Date: 2008-01-05 07:07 pm (UTC)
From: [identity profile] serazin.livejournal.com
Yes, clearly G hasn't seen a naughty child shake recently! A naughty enough one could most certainly destroy a victorian-era tourist attraction!

Date: 2008-01-05 07:15 pm (UTC)
From: [identity profile] gordonzola.livejournal.com
I took it to mean the way a parent should shake a naughty child when they are bad. Maybe my interpretation is off.

Date: 2008-01-05 07:20 pm (UTC)
From: [identity profile] serazin.livejournal.com
Oh no! That hadn't even occurred to me! Yes, that is a terrible analogy.

Date: 2008-01-05 08:14 pm (UTC)
From: [identity profile] gordonzola.livejournal.com
re-reading I think I was wrong. Eh, just proving I'm childless, I guess...

Date: 2008-01-05 08:25 pm (UTC)
From: [identity profile] smallstages.livejournal.com
No, I think you are right.

"the monster windstorm that shook Golden Gate Park like a naughty child"

windstorm = parent

I feel bad that I undermined your self-confidence. But Felix started it.

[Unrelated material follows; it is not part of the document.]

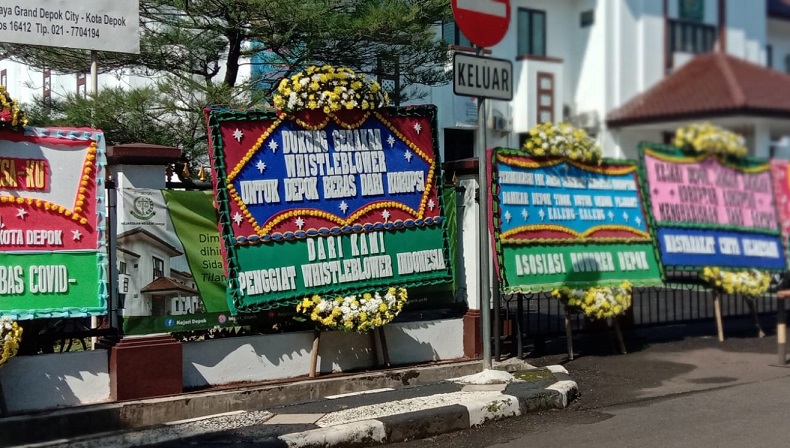 Usut Dugaan Korupsi Damkar, Kejari Depok Banjir Karangan Bunga Dukungan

Date: 2008-01-05 07:30 pm (UTC)
From: [identity profile] magpiesf.livejournal.com
heh. cars floating in trainor alley. i think that was the year i saw manholes "floating" in 4 inches of water on 5th st because the backflow out of the sewers was so strong. i remember riding down harrison in about the same amount of water, swerving to avoid "logs"... ew.

Date: 2008-01-05 08:15 pm (UTC)
From: [identity profile] gordonzola.livejournal.com
yeah. so gross.


of course now it's pouring again and I'm worried what I'll find when I get to work...

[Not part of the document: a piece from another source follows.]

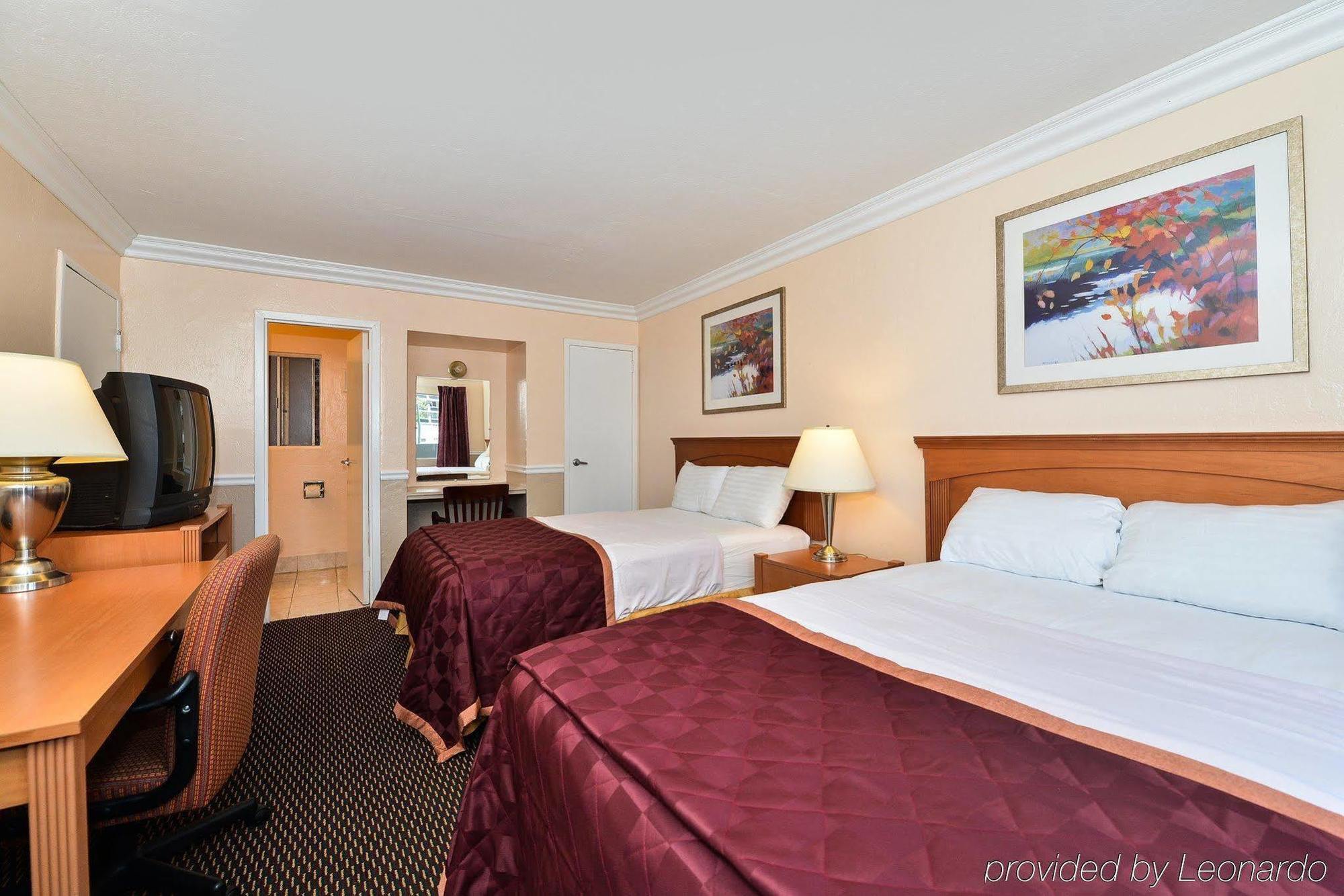 Americas Best Value Inn - Downtown Oakland/Lake Merritt Buitenkant foto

Date: 2008-01-05 08:22 pm (UTC)
From: [identity profile] smushy.livejournal.com
I remember that storm so well.. I had just started at the Chronicle and to be at work at 7:00 on Sunday morning I had to take the owl on market. At Church and Market I walked down what I thought was a sidewalk just to find myself literally thigh-deep in water with rain pouring horizontally under my umbrella. Turns out Church and Market is an old riverbed. Who knew.

Can you believe I get my ass to work on time and am wringing my socks out into a trash can in a remote end of the customer service floor and Dee Holiday (Google yourself, girl.) literally writes me up for having an "unprofessional appearance".

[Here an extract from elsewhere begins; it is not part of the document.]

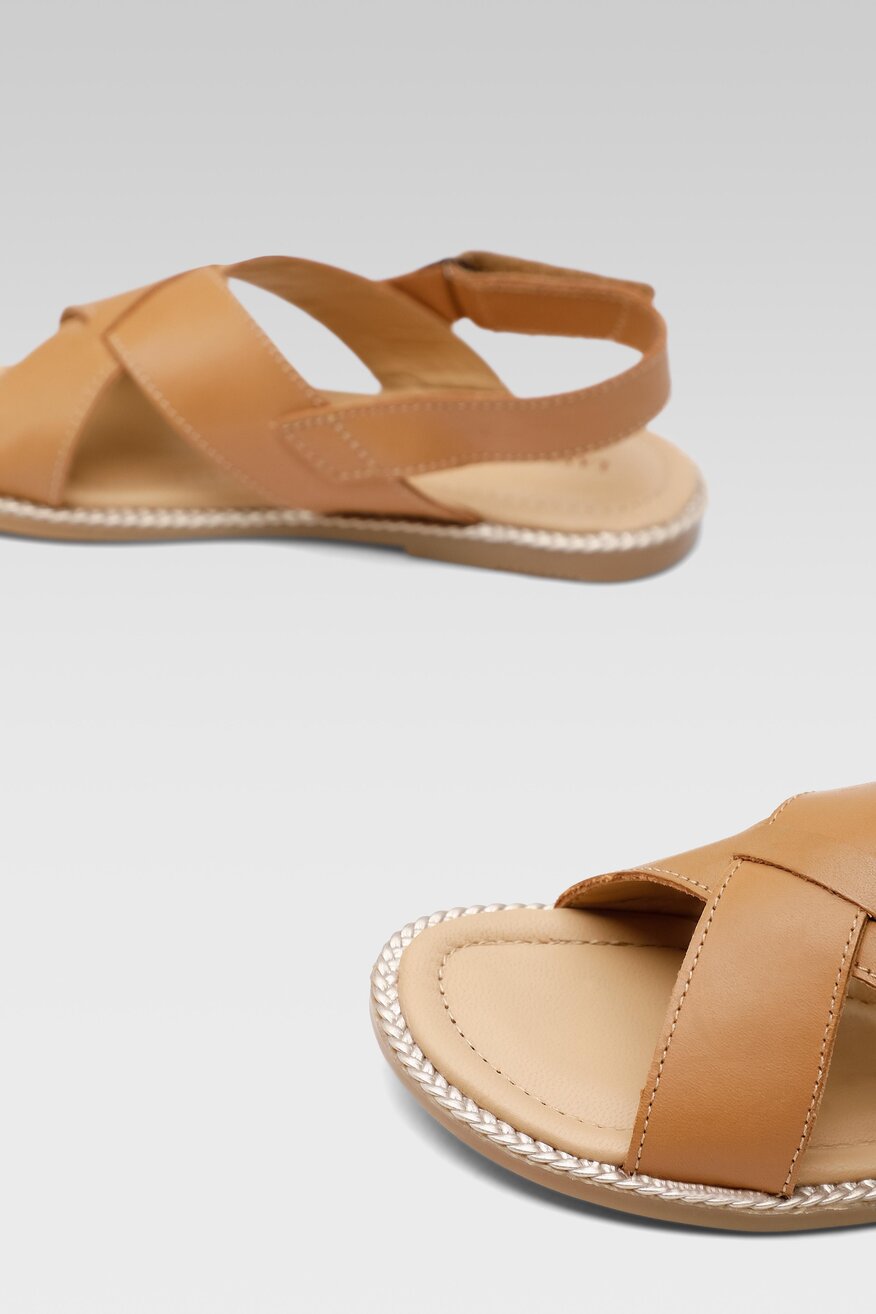 Sandały Lasocki Young CI12-3027-09 Beżowy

I didn't quit just to piss her off.

What were we talking about? Oh! Rain! I love rain. I just spent all morning tromping around in it. I'm a go write a post about it.

Date: 2008-01-05 10:45 pm (UTC)
From: [identity profile] dcart.livejournal.com
I don't think we got it quite as badly down here, but the storms yesterday were impressive. I was teaching an eastern time virtual class. My power flickered off a couple of times and I had to arrange for a backup in case it went all the way out.

Less than an hour ago we heard thunder. I don't think I've heard thunder since we moved to California.

Date: 2008-01-06 05:42 am (UTC)
From: [identity profile] caffeina.livejournal.com
thumbs up on apt choice of music

Date: 2008-01-07 02:04 am (UTC)
From: [identity profile] gordonzola.livejournal.com
thanks for noticing it!

Date: 2008-01-06 07:37 pm (UTC)
From: [identity profile] rivetpepsquad.livejournal.com
I want you to know that this Gouda is my new life partner. We'll probably be moving in together some time soon. I know it's all so fast, but you know, when you find the One...

Date: 2008-01-07 04:39 pm (UTC)
From: [identity profile] slipkid.livejournal.com
I have a friend named strom, he got called storm at my wedding. I'm sure he will be happy when I tell him you gave stroms a Whoo-hoo!

I guess I couldn't get enough of the storms because I went down to Ontario on Sunday. I hated that plane-landing. Heck, I don't like flying.